Viper Energy, Inc. (VNOM) filed a POSASR amendment referencing an S-3 Registration Statement that registers up to 9,018,760 shares of its Class A common stock. The filing identifies the company as a large accelerated filer and notes reliance on Rule 478 under the Securities Act for the S-3. The content is primarily administrative: it documents the registration vehicle and filing status rather than operational results or transaction details.
The filing amends a previously filed S-3 Registration Statement for VNOM Sub, Inc. (f/k/a Viper Energy, Inc.) and registers up to 10,093,670 shares of Class A common stock that may be issued to Tumbleweed Royalty IV, LLC upon exercise of exchange rights tied to the same number of OpCo Units in Viper Energy Partners LLC. The Registration Statement also covers an additional 2,400,297 shares of Class A common stock to be issued to affiliate designees of Morita Ranches Minerals, LLC upon exercise of exchange rights for an equivalent number of OpCo Units, together with the option for the same number of Class B shares.

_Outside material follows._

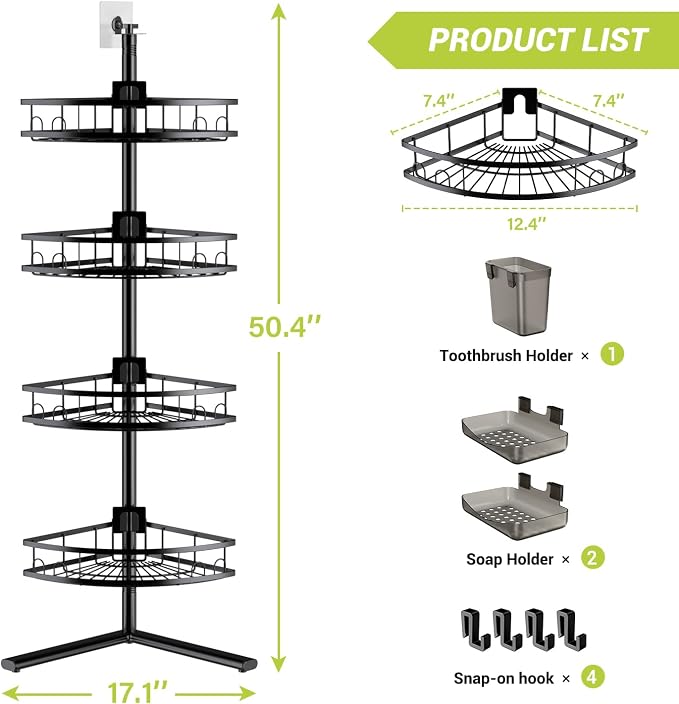 Aitatty Corner Shower Caddy Standing: 4-tier Rustproof Shower Organizer Shelf - Floor Shower Corner Shelf Rack Stand for Bathroom Black - Image 9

The S-3 registration is filed in reliance on Rule 478 under the Securities Act and reflects conversion/exchange mechanics between OpCo Units and the Company’s Class A and potentially Class B common stock. The document identifies the registrant and contact information but does not provide financial results, valuation metrics, or timing for any exchanges or issuances.
VNOM Sub, Inc. filed a post-effective amendment registering up to 98,656,453 shares of Class A common stock, consisting of 7,946,507 shares already outstanding held by Diamondback Energy and up to 90,709,946 shares issuable upon exercise of exchange rights under an Amended and Restated Exchange Agreement dated November 10, 2023. The filing describes that selling stockholders may tender equivalent Class B common stock and units of Viper Energy Partners LLC in connection with exchanges. The S-3 registration relies on Rule 478 under the Securities Act.
Viper Energy, Inc. (VNOM) disclosed a series of merger-related filings and corporate charter documents. The company references an S-4 (File No. 333-288431) initially filed June 30, 2025 and declared effective July 18, 2025, which includes a definitive Joint Information Statement/Proxy Statement/Prospectus describing the Mergers and the Merger Agreement. The filing incorporates by reference an Agreement and Plan of Merger dated June 2, 2025 among Former Viper, Viper Opco, Sitio, Sitio Opco, New Viper, Viper Merger Sub and Sitio Merger Sub, and cites an 8-K filed June 4, 2025. It also references amended governing documents for Former Viper, a Form of Assignment and Assumption Agreement, and an embedded Cover Page Interactive Data File. The signature block shows VNOM Sub, Inc. with Matt Zmigrosky as Executive Vice President, General Counsel and Secretary.